[Short descriptive text snippets]
= = = = = = =

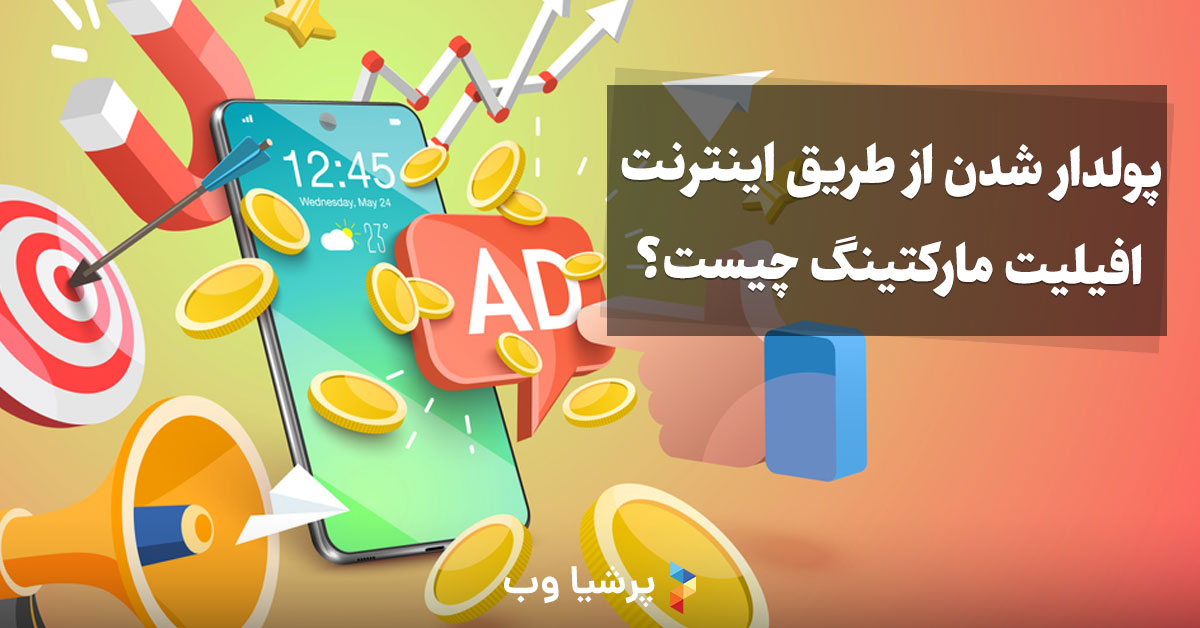 پولدار شدن از طریق اینترنت: افیلیت مارکتینگ چیست؟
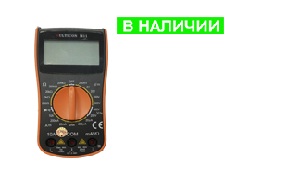 Мультиметр цифровой с поверкой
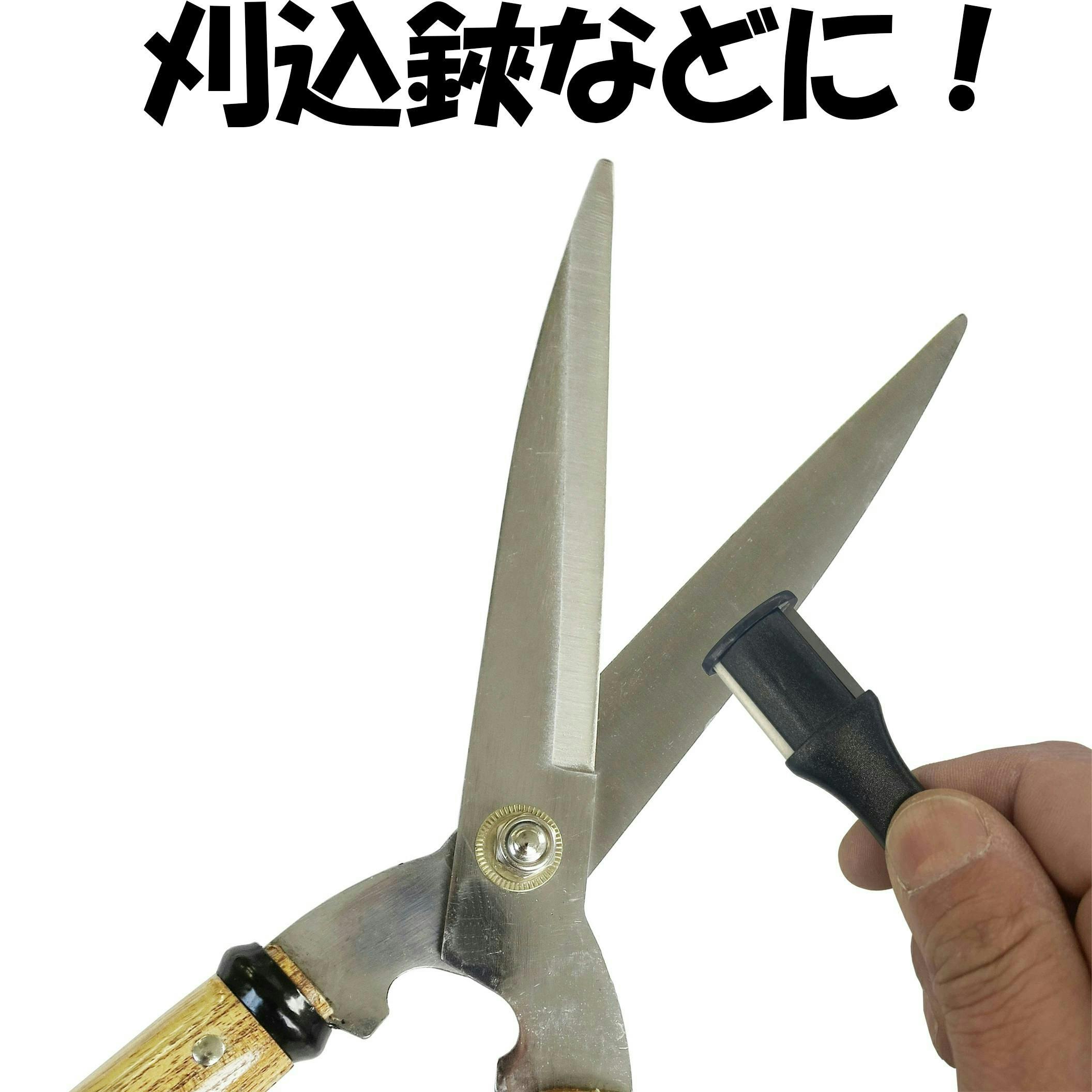 DAISHIN 超硬万能刃砥ぎ 大進 砥石 園芸 ガーデニング 農業 女性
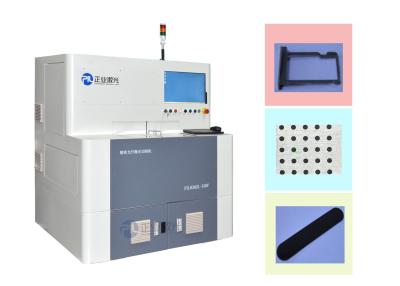 China High Power Fiber Laser Cutting Machines 150w / Laser Die Cut Machine for sale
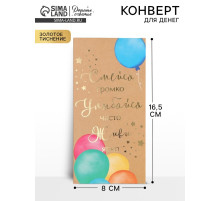 Конверт для денег «Поздравляю!», тиснение, 16.5×8 см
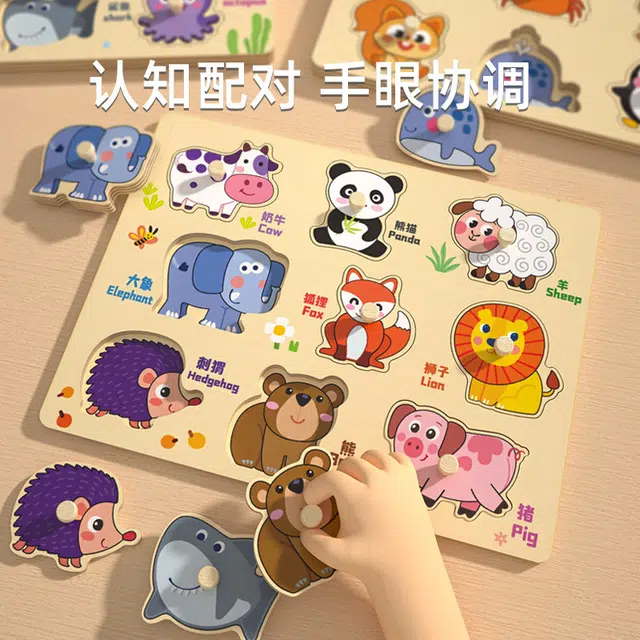 木丸子 拼图 拼版蘑菇钉手抓板 配对拼图拼板积木 早教益智玩具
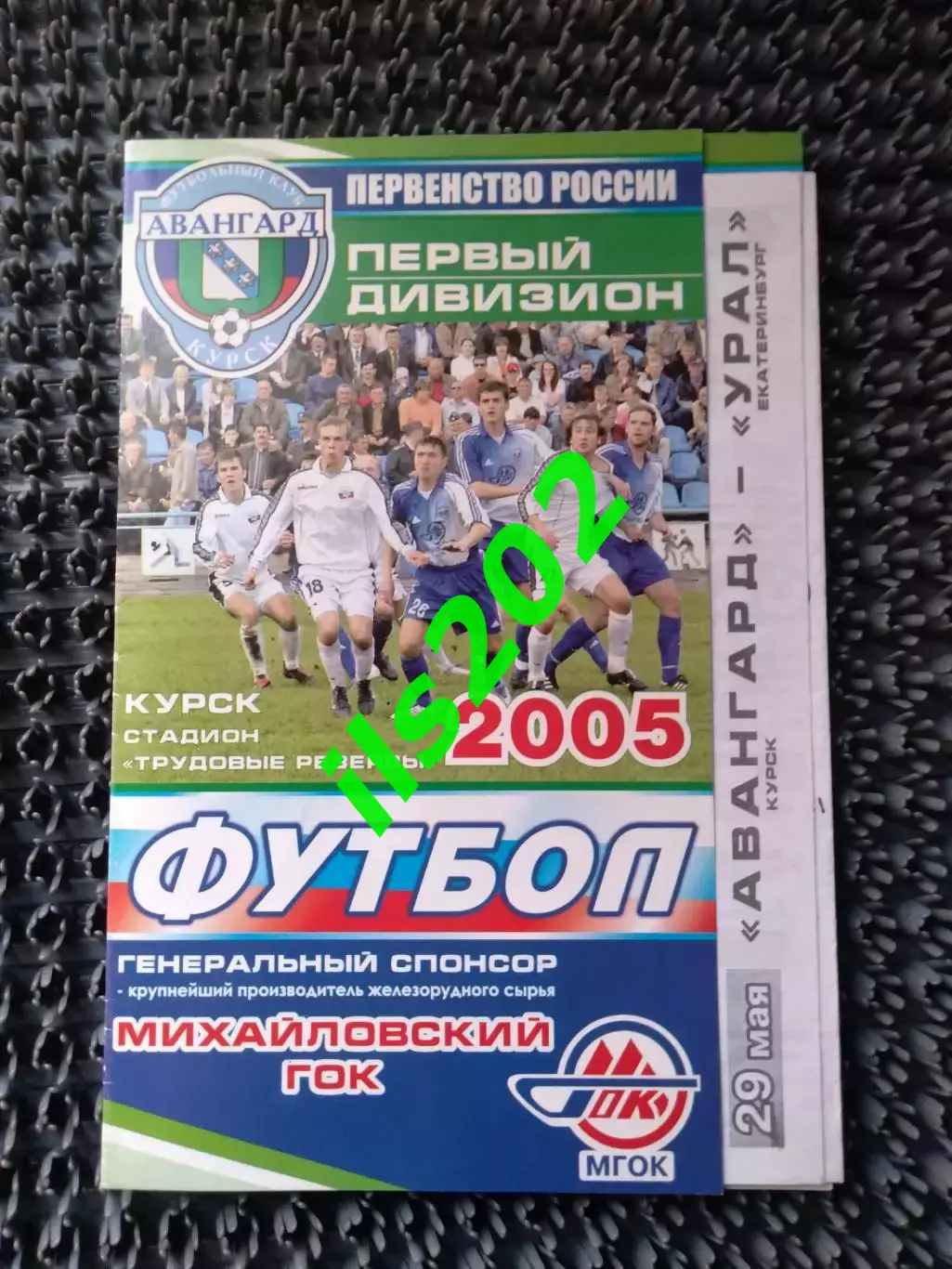Авангард Курск - Урал Екатеринбург 2005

= = = = = = =

→ Task item:
Where the line containing "Мультиметр цифровой с поверкой" appears, begin writing out the lines word for word, and continue through the last line of the data, leaving out pictures.

→ Written response:
 Мультиметр цифровой с поверкой
 DAISHIN 超硬万能刃砥ぎ 大進 砥石 園芸 ガーデニング 農業 女性
 China High Power Fiber Laser Cutting Machines 150w / Laser Die Cut Machine for sale
 Конверт для денег «Поздравляю!», тиснение, 16.5×8 см
 木丸子 拼图 拼版蘑菇钉手抓板 配对拼图拼板积木 早教益智玩具
Авангард Курск - Урал Екатеринбург 2005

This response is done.